### WHAT IS EXPECTED:
Everything in the data except the pictures belongs in your answer, copied exactly.

─── EXCERPTED RECORDS

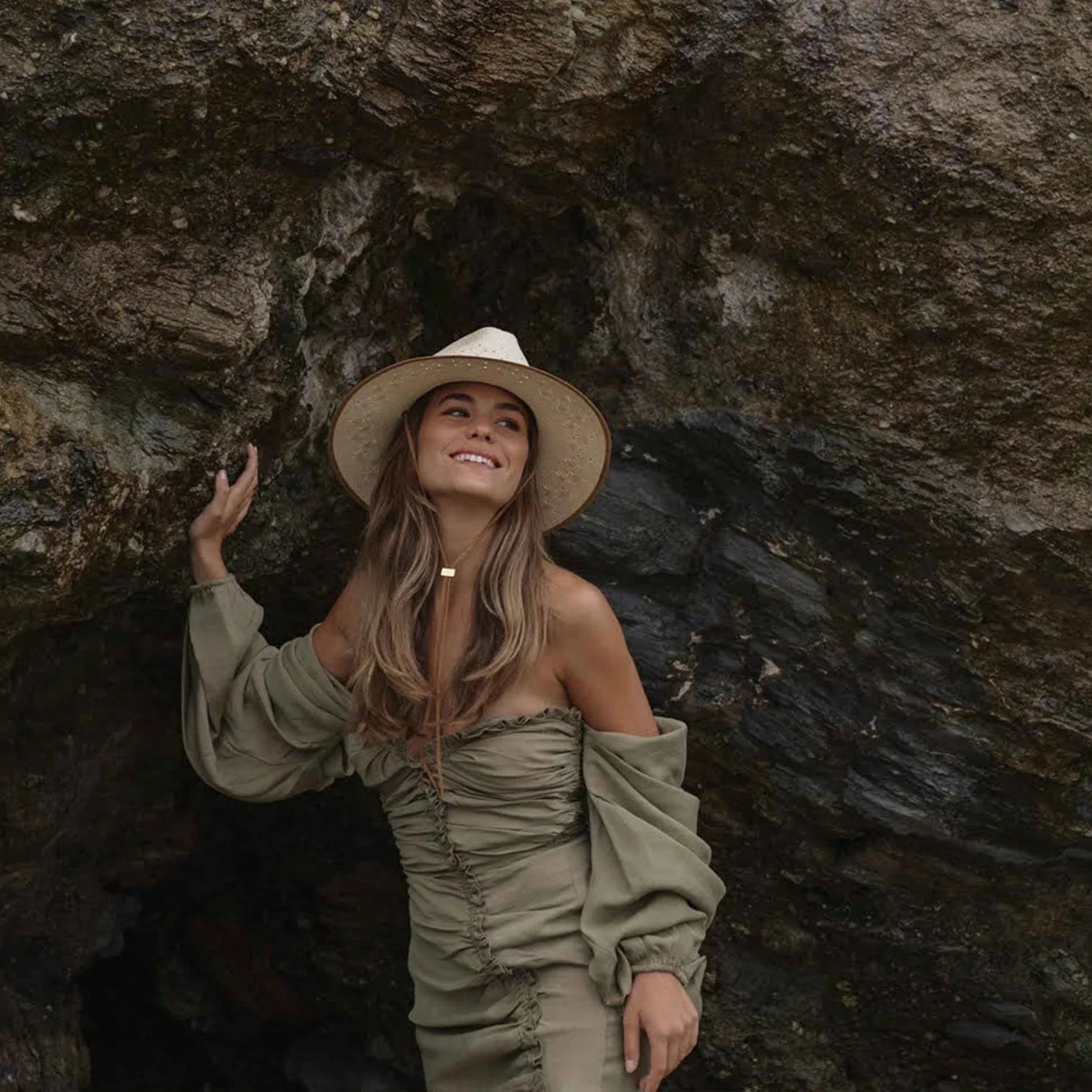 Fiji hat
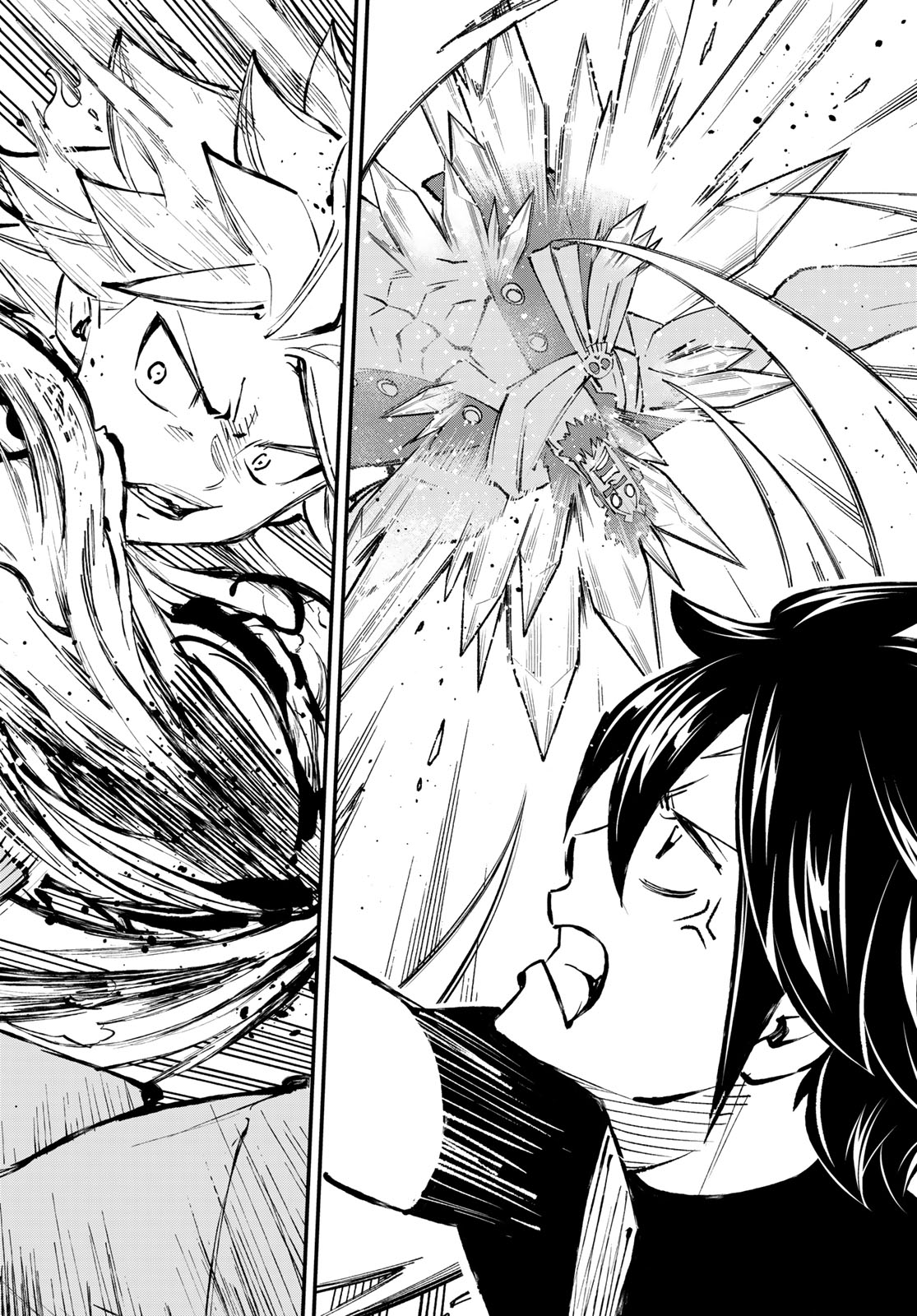 Fairy Tail Re:Fantasia Chapter 6 18ページ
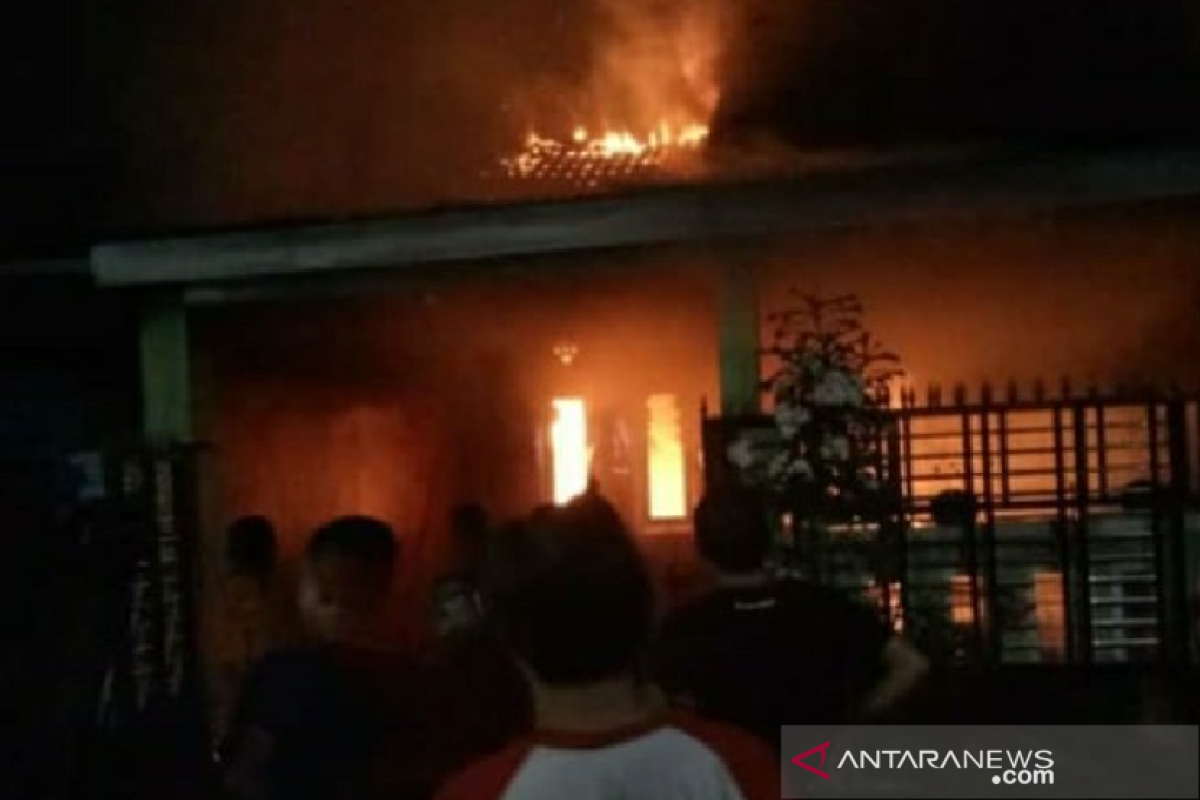 Miris, Bocah ini bakar rumah tetangga karena game online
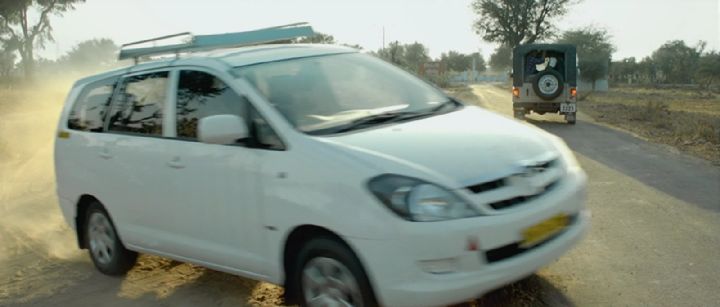 2005 Toyota Innova [AN40]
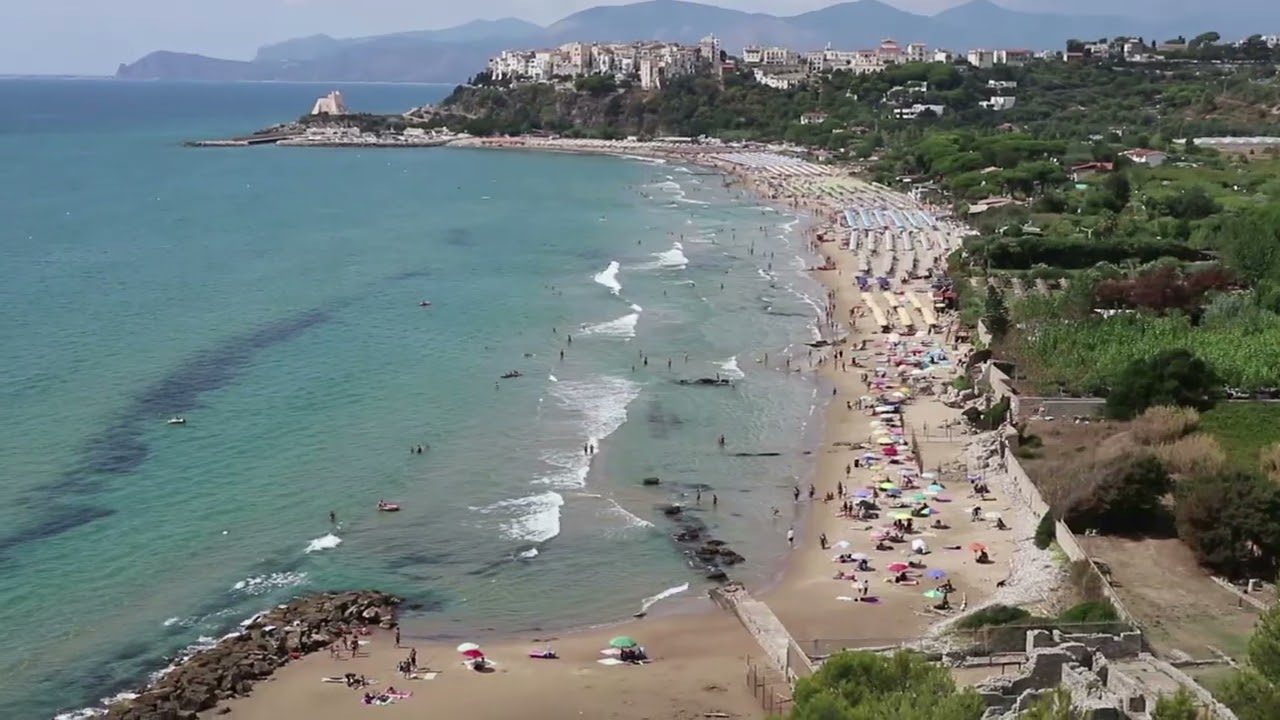 Sperlonga - Escursione alla Riviera di Ulisse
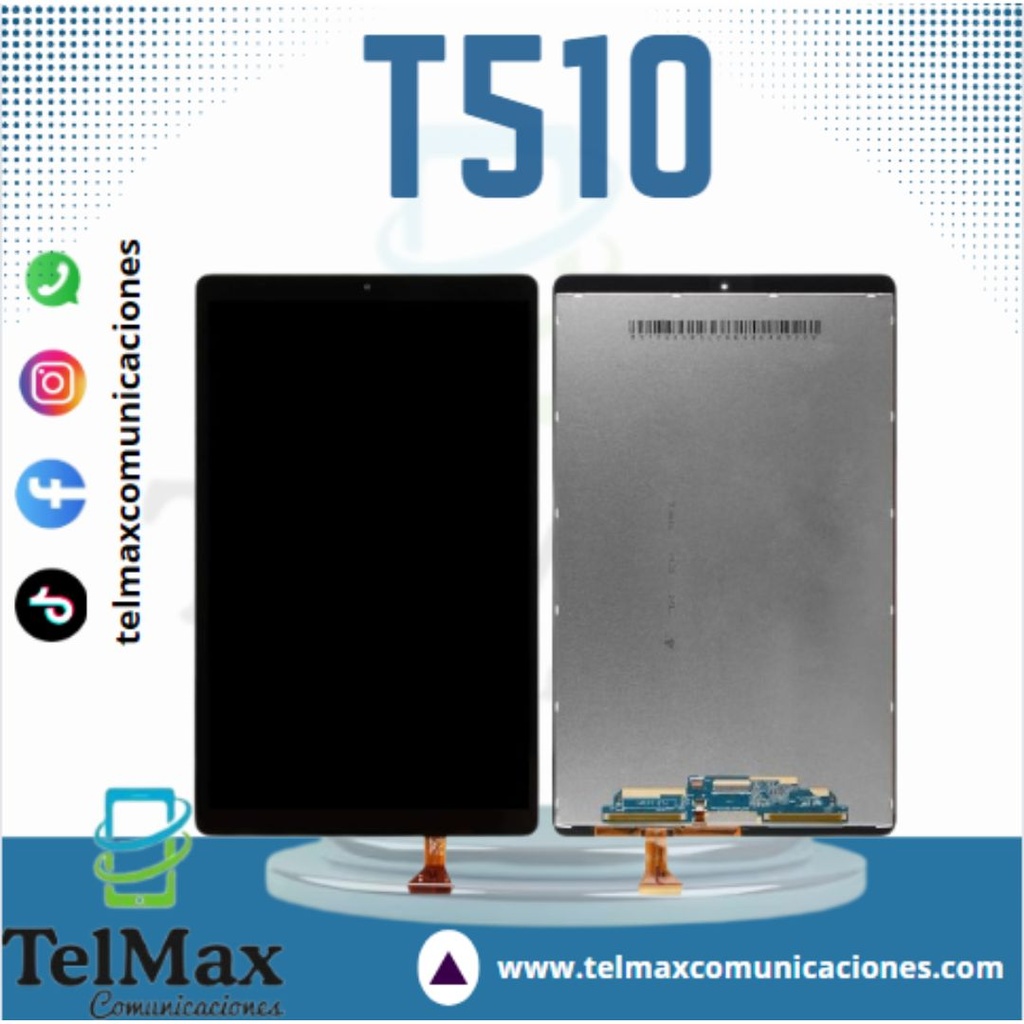 PANTALLA SAMSUNG T510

──────

### SOLUTION TO THIS TASK:
 Fiji hat
 Fairy Tail Re:Fantasia Chapter 6 18ページ
 Miris, Bocah ini bakar rumah tetangga karena game online
 2005 Toyota Innova [AN40]
 Sperlonga - Escursione alla Riviera di Ulisse
 PANTALLA SAMSUNG T510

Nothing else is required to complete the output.